Abstract

The aim of this study is to determine the minimum amount of dopant that prevents the occurrence, near room temperature, of a Jahn–Teller (J–T) transition in the M-doped lithium manganese spinel of composition Li1.02MxMn1.98−xO4 with 0.00<x⩽0.06 and M = Ni2+, Co3+, Cr3+ or Ti4+. EPR spectra and magnetic susceptibility data are related to the valence state of M and Mn, and the homogeneous distribution of the dopant. We find that the spinel framework is remarkably sensitive to displaying low electronic and magnetic changes in its cationic sublattice due to cation substitution. The J–T distortion, which is associated with a sudden drop in conductivity with decreasing temperature, is suppressed by substituting 3% of Mn with Co3+ or Cr3+, or by adding an even smaller amount of Ni2+ (x = 0.02, or 1% substitution). However, this inhibition occurs only in samples with a ratio r = [Mn4+]/[Mn3+]1.18, i.e., a value larger than the ratio r = 1.106 we have with no doping (x = 0).
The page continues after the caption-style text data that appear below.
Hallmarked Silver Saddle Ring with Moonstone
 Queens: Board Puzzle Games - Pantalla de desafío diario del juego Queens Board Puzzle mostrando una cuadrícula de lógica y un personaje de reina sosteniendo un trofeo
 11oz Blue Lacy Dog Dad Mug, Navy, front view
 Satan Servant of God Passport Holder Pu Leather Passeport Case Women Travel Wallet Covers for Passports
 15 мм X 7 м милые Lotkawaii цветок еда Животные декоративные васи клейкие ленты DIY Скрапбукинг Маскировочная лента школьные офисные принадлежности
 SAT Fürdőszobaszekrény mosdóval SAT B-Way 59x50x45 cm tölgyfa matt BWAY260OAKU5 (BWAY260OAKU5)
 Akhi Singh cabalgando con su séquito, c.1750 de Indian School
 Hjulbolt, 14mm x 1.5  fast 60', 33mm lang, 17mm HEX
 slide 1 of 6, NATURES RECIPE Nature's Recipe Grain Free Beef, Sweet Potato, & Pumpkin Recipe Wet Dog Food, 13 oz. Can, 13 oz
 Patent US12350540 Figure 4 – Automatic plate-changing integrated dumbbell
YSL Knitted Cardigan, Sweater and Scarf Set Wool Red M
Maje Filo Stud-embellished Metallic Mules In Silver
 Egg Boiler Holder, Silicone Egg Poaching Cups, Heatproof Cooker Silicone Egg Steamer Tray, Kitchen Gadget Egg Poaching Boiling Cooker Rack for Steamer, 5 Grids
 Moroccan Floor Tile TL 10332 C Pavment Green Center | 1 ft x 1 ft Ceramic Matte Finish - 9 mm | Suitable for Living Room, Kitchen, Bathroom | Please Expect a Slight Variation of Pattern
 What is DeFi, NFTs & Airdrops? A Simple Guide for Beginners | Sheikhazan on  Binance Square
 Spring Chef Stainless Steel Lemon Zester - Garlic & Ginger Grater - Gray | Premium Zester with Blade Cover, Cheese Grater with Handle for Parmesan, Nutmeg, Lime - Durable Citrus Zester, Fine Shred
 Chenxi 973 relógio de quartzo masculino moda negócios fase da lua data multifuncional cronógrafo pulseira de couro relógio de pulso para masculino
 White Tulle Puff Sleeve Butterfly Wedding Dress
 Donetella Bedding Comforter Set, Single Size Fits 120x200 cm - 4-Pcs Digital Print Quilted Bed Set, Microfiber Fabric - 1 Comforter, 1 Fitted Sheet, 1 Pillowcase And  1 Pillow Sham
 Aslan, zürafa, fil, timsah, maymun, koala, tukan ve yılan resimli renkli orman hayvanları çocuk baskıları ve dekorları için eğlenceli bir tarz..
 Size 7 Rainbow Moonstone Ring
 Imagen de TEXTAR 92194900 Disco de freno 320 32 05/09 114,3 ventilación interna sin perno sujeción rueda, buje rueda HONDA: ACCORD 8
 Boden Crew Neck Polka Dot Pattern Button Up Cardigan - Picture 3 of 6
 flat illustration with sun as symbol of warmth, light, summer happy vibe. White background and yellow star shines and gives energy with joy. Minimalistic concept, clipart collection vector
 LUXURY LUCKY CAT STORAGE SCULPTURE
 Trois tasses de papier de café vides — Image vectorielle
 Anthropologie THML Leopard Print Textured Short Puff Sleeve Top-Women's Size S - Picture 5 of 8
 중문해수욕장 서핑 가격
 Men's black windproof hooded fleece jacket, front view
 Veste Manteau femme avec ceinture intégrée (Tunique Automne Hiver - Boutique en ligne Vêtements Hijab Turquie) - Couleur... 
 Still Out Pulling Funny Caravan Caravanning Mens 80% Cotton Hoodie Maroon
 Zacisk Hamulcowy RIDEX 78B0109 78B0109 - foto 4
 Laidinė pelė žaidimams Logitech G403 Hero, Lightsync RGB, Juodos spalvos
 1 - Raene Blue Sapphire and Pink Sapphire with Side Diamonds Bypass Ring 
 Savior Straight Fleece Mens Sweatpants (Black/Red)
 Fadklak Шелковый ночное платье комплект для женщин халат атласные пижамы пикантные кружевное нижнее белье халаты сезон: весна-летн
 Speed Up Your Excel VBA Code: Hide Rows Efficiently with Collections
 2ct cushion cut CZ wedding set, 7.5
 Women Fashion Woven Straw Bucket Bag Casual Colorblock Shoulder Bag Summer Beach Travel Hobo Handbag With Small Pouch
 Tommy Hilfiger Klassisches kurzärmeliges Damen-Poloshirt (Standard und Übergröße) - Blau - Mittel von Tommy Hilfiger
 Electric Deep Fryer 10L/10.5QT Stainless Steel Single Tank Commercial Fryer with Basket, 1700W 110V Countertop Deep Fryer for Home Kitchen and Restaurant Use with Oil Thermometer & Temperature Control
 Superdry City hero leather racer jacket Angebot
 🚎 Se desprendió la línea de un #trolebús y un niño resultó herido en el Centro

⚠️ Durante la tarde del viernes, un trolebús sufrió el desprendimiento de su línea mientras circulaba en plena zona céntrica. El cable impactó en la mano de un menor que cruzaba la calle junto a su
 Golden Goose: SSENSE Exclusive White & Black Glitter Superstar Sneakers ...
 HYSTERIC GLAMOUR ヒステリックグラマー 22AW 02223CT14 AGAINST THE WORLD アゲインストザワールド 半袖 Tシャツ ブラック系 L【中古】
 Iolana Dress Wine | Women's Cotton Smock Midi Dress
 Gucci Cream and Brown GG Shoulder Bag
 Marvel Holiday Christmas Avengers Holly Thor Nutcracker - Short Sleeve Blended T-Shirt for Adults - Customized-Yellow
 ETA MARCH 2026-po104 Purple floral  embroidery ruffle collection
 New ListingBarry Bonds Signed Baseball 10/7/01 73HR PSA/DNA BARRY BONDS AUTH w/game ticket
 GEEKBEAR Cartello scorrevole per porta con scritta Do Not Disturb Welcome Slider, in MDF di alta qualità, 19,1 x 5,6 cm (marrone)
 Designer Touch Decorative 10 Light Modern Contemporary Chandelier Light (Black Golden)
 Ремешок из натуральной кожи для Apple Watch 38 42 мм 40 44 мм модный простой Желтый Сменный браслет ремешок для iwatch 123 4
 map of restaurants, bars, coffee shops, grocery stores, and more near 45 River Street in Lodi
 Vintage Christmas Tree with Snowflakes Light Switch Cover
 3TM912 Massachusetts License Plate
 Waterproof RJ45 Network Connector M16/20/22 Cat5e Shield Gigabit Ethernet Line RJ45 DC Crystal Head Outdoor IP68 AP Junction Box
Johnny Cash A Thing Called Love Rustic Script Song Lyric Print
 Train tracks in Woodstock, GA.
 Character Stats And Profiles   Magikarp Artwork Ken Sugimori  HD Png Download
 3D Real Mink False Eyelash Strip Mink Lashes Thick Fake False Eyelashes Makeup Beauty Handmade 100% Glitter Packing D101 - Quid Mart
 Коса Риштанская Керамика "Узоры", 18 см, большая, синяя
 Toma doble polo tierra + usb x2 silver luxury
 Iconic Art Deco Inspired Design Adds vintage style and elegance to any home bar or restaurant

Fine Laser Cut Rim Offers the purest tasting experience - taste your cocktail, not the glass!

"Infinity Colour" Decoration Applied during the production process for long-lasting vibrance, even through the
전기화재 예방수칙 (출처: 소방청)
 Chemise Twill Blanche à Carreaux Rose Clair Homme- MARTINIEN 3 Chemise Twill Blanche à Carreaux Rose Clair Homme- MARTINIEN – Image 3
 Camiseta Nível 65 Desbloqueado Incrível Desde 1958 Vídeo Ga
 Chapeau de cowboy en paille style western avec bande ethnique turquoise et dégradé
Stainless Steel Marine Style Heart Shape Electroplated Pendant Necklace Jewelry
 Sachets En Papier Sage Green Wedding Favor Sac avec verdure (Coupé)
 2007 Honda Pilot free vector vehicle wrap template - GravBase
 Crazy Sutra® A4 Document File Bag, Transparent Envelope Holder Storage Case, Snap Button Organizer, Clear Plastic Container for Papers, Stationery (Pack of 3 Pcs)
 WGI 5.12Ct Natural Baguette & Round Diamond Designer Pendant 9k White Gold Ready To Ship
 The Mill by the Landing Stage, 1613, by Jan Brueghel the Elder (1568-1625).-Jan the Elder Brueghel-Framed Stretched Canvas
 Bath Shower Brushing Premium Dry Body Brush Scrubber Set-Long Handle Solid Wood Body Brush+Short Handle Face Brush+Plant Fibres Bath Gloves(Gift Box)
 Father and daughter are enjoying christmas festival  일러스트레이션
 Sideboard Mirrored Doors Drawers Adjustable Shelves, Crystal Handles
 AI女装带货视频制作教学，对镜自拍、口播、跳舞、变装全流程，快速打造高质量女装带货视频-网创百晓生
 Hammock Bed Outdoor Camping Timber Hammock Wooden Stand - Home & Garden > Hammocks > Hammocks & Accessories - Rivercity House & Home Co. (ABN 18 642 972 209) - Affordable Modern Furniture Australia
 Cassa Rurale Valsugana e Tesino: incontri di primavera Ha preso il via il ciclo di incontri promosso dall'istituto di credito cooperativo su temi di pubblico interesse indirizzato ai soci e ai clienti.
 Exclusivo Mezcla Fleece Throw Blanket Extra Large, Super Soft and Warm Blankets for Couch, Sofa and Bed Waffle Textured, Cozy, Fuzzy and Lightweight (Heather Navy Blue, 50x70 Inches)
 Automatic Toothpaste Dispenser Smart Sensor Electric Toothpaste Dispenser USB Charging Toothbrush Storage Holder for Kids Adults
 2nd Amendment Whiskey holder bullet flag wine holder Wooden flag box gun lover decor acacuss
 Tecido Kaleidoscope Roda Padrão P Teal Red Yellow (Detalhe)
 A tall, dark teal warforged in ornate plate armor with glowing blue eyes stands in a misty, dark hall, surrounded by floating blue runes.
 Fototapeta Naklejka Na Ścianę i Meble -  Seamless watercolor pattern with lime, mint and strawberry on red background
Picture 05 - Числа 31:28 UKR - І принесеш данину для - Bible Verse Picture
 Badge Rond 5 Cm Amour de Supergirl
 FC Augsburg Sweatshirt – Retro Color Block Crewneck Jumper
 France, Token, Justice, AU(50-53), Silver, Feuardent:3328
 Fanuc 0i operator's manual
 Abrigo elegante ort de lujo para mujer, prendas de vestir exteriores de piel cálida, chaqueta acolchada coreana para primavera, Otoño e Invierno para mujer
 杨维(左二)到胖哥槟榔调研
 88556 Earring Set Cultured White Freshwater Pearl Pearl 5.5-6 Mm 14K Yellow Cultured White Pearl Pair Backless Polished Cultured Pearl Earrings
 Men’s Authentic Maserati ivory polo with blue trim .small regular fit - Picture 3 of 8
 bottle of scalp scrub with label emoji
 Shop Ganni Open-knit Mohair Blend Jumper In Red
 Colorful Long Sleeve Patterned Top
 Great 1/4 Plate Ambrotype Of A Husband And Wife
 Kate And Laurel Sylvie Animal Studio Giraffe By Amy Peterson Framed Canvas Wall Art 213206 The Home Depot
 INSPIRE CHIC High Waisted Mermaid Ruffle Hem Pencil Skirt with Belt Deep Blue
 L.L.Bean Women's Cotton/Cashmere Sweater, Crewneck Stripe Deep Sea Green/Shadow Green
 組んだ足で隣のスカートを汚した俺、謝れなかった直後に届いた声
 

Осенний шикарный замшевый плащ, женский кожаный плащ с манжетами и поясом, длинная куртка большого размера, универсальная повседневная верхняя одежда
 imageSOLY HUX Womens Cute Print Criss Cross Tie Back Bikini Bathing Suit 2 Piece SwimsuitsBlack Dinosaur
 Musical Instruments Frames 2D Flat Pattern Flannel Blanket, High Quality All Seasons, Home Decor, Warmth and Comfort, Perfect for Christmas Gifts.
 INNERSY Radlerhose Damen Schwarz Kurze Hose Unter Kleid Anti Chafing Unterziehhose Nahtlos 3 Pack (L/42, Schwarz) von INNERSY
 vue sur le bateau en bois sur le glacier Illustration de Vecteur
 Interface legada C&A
As a consequence, doping with the tetravalent cation Ti4+, which always decreases the r value, does not suppress the J–T transition. We suggest that both the dopant ion and the Li+ in excess over the stoichiometric composition are located in 16d sites. The removal of the J–T transition in the Co3+ (x = 0.06) sample is also due to local disorder.